◆ About this task:
Would you please restate the data exactly as it stands, apart from the pictures?

◆ Provided material:
==================================================
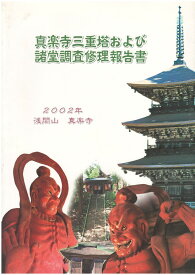 【中古】真楽寺三重塔および諸堂調査修理報告書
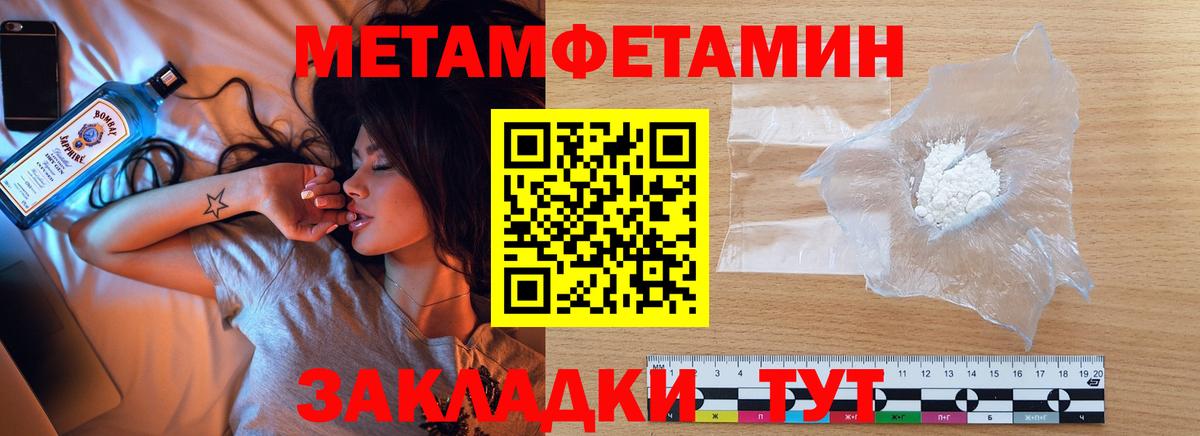 МЕТАМФЕТАМИН кристалл  МЕТАМФЕТАМИН кристалл  Балтийск 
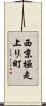 西京極走上リ町 Scroll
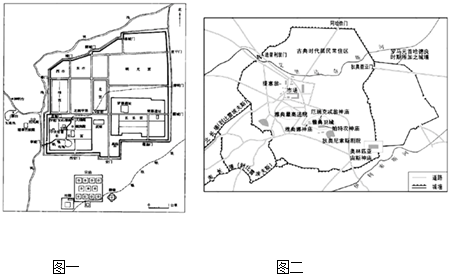 菁優(yōu)網(wǎng)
==================================================
◆ Exercise result:
 【中古】真楽寺三重塔および諸堂調査修理報告書
 МЕТАМФЕТАМИН кристалл  МЕТАМФЕТАМИН кристалл  Балтийск 
 西京極走上リ町 Scroll
 菁優(yōu)網(wǎng)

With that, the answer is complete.